Introduzione: Fratelli e sorelle, in questo giorno di festa ringraziamo il Signore per il dono della vita consacrata che lo Spirito Santo, fin dai tempi antichi, ha suscitato nella chiesa. Stringiamoci a quanti si sono consacrati al servizio di Dio, in una stupenda varietà di vocazioni ecclesiali, perché, accompagnati dalla preghiera e dal sostegno della comunità tutta, rinnovino oggi l’impegno di seguire Cristo casto, povero e obbediente, e perché, con la loro testimonianza evangelica, siano a loro volta luce che illumina il mondo.
Canone o canto di esposizione.
Preghiera (FF 178/1 -2): Nel nome del Signore. Tutti coloro che amano il Signore con tutto il cuore, con tutta l'anima e la mente, con tutta la forza (Cfr. Mc 12,30) e amano i loro prossimi come se stessi (Cfr. Mt 22,39), e hanno in odio i loro corpi con i vizi e i peccati, e ricevono il corpo e il sangue del Signore nostro Gesù Cristo, e fanno frutti degni di penitenza (Cfr. Lc 3,8): oh, come sono beati e benedetti quelli e quelle, quando fanno tali cose e perseverano in esse, perché riposerà su di essi lo Spirito del Signore (Cfr. Is 11,2), e farà presso di loro la sua abitazione e dimora (Cfr.
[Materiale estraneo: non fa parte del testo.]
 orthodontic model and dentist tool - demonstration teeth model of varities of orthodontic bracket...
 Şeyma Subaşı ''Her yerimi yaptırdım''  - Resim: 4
Gv 14,23), e sono figli del Padre celeste del quale compiono le opere, e sono sposi, fratelli e madri (Cfr. Mt 12,50) del Signore nostro Gesù Cristo. Tutti: Siamo sposi, quando nello Spirito Santo l'anima fedele si unisce al Signore nostro Gesù Cristo. Siamo suoi fratelli, quando facciamo la volontà del Padre che è nei cieli (Mt 12,50). Siamo madri, quando lo portiamo nel nostro cuore e nel nostro corpo per mezzo del divino amore e della pura e sincera coscienza, e lo generiamo attraverso il santo operare, che deve risplendere in esempio per gli altri (Cfr. Mt 5,16).
Silenzio:
Lettura Francescana: dalla 2° di Tommaso da Celano 158 Il Santo trovava grandissima consolazione nelle visite del Signore e da esse veniva assicurato che le fondamenta del suo Ordine sarebbero rimaste sempre stabili. Riceveva anche la promessa che sicuramente nuovi eletti avrebbero preso il posto di chi si perdeva. Essendo turbato per i cattivi esempi, e avendo fatto ricorso un giorno, così amareggiato, alla preghiera, si sentì apostrofato a questo modo dal Signore: «Perché tu, omiciattolo, ti turbi? Forse io ti ho stabilito pastore del mio Ordine in modo tale che tu dimenticassi che io ne rimango il patrono principale? Per questo io ho scelto te, uomo semplice, perché quelli che vorranno, seguano le opere che compirò in te e che devono essere imitate da tutti gli altri. Io vi ho chiamati: vi conserverò e pascolerò (Is 48,15; Ap 10,3), supplirò con nuovi religiosi il vuoto lasciato dagli altri, al punto di farli nascere se non fossero già nati. Non turbarti dunque, ma attendi alla tua salvezza (Fil 2,12) perché se l'Ordine si riducesse anche a soli tre frati, rimarrà il mio aiuto sempre stabile ». Da quel giorno era solito affermare che la virtù di un solo frate santo supera una quantità, sia pur grande, di imperfetti, come un solo raggio di luce dissipa le tenebre più fitte.
Lettura Evangelica Gv 17, 20-23 Non prego solo per questi, ma anche per quelli che crederanno in me mediante la loro parola: perché tutti siano una sola cosa; come tu, Padre, sei in me e io in te, siano anch’essi in noi, perché il mondo creda che tu mi hai mandato. E la gloria che tu hai dato a me, io l’ho data a loro, perché siano una sola cosa come noi siamo una sola cosa. Io in loro e tu in me, perché siano perfetti nell’unità e il mondo conosca che tu mi hai mandato e che li hai amati come hai amato me.
Silenzio
Breve riflessione (facoltativa)
Canone di adorazione
Padre Nostro
Orazione (FF 178/3) Oh, come è glorioso, santo e grande avere nei cieli un Padre! Oh, come è santo, consolante, bello e ammirabile avere un tale Sposo! Oh, come è santo e come è caro, piacevole, umile, pacifico, dolce, amabile e sopra ogni cosa desiderabile avere un tale fratello e un tale figlio, il Signore nostro Gesù Cristo, il quale offrì la sua vita (Cfr. Gv 10,15) per le sue pecore, e pregò il Padre dicendo: "Padre santo,custodiscili nel tuo amore, coloro che mi hai dato nel mondo; erano tuoi e tu li hai dati a me.”